Siempre imaginé la perfección del hogar como un espacio compartido. Es quizás por ello que el hogar vacío no deja de ser una colección de recuerdos que se amontonan unos sobre otros. Cuadros de aquellos viejos amores, objetos impregnados de aquellos lejanos países, fotos y postales, paisajes que intentan imitar la naturaleza perdida. Los vacíos siempre los intentamos llenar con cosas que creemos significan algo profundo para nosotros. Pero lo que siempre nos llena de calma es el recuerdo de aquel ser asociado al objeto. Es entonces cuando los cuadros pintados por aquellas amantes cobran vida, los objetos nos retraen a la mano que los empujó hacia nosotros, las fotos y las postales se reencuentran con el sabor de aquella playa, de aquellos alaridos a la luz de una vela.

La magia de un hogar a veces reside perenne en esa estampa bucólica de la familia de antaño, rodeada de campos y silvestres bosques, de ríos y montañas, de cosechas, de estaciones, de olores a pan recién hecho. De niños correteando de un lado para otro, entre prados y flores. De la mujer tejedora y el hombre labrador, del anciano que recoge los huevos del corral mientras la anciana prepara un gran estofado. Esa estampa, ahora tan lejana y tan estudiada en la antropología de la comunidad tradicional, se aleja de los fuegos artificiosos de nuestro tiempo. Solitarios, amañados, impregnados de sinsabores, casi diría que ficticios, por su falta de naturaleza y honestidad.

Ese pequeño mundo llamado hogar requiere renovación moral y espiritual. Ya no basta conformar la soledad con alguna mascota que intente sofocar la ausencia de crianza o pareja. Mujeres que hacen el amor con sus perros u hombres que se enrollan con sus gatos, pensando ingenuos que más allá de ese amor interespecies no hay nada. Con o sin mascotas, llenos de tatuajes para esconder nuestra piel abandonada, todo el día conectados a redes insulsas y mentirosas, vamos perdiendo nuestra naturaleza humana, nuestra esencia, nuestra conexión con nuestro yo real: la consciencia, el alma, el espíritu.

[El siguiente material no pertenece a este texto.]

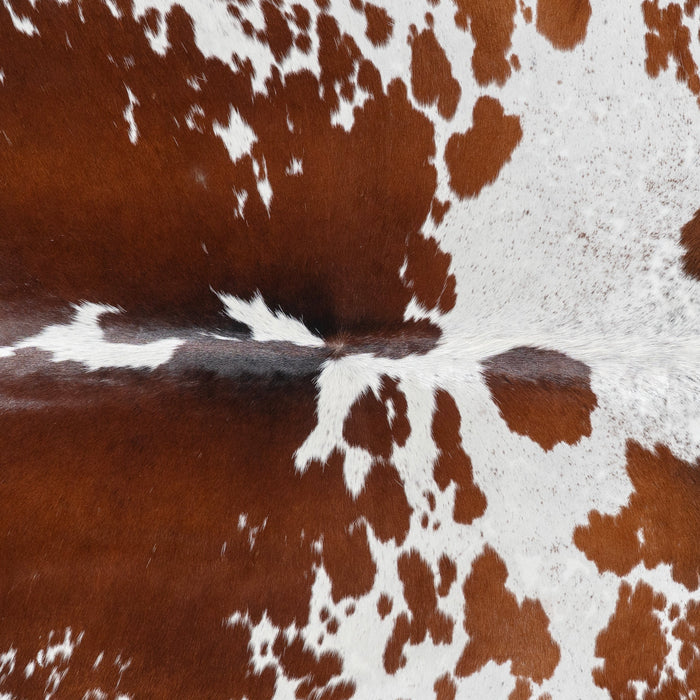 Brazilian Chocolate and White Cowhide Rug Size 7'2" L x 6'0" W 3272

El círculo místico requiere volver a la unidad esencial que surge del contacto real entre dos almas que se reconocen, que se miran honestas y deciden volcar toda su pasión y vida a algo tan trascendental como es la Vida. Engendrar Vida, mantener la vida, es mantener el fuego en los límites sagrados de la consciencia. No se puede uno conformar con potenciar una vida cualquiera, sino que debe intentar que esa vida nazca en un entorno salvaje, libre, consciente y si me apuráis, filosófico, en cuanto amor por la sabiduría. Seres que encarnen un nuevo paradigma, una nueva forma de creer en el fuego sagrado del hogar.

Y para eso, no bastan cuatro paredes. Requiere del milagro de la unión, de la pura consagración a valores que ya se han perdido. De pura entrega y amor a ese deseo de renovar nuestra cultura, nuestra especie, nuestra vida. Y para eso no vale cualquier cosa. No bastan cuatro cuadros, cuatro paredes, cuatro objetos, cuatro mascotas, cuatro hijos abandonados a la desdicha. Consciencia, amor, libertad, naturaleza, compromiso, responsabilidad, entrega. Y todo aquello que pueda sumar para el nuevo mundo.